| Exercise brief |
Return, verbatim and in full, the records that follow, but not their pictures.
======== Supplied data
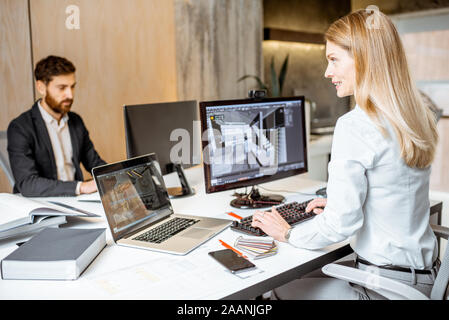 Creative office employees making interior design on the computers, sitting at the modern office of architectural firm. Concept of 3d modeling and digital Interior designing Stock Photo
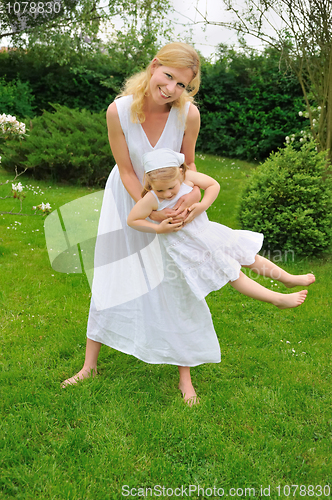 Image of Young mother and daughter playing in meadow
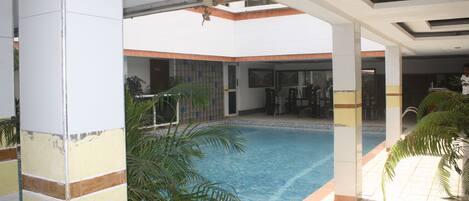 Outdoor pool, open 6:00 AM to 6:00 PM, pool loungers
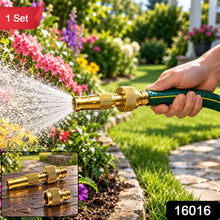 A person's hand holds a green hose with a brass nozzle spraying water into a vibrant garden. Inset shows two brass – view 2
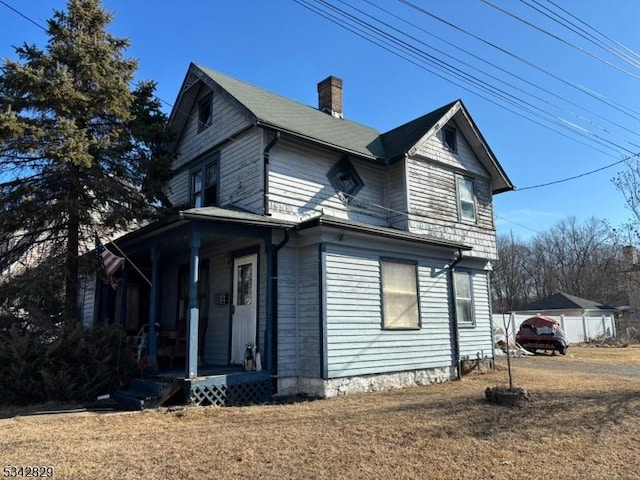 view of side of home featuring a chimney and a yard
================
| Expected answer |
 Creative office employees making interior design on the computers, sitting at the modern office of architectural firm. Concept of 3d modeling and digital Interior designing Stock Photo
 Image of Young mother and daughter playing in meadow
 Outdoor pool, open 6:00 AM to 6:00 PM, pool loungers
 A person's hand holds a green hose with a brass nozzle spraying water into a vibrant garden. Inset shows two brass – view 2
 view of side of home featuring a chimney and a yard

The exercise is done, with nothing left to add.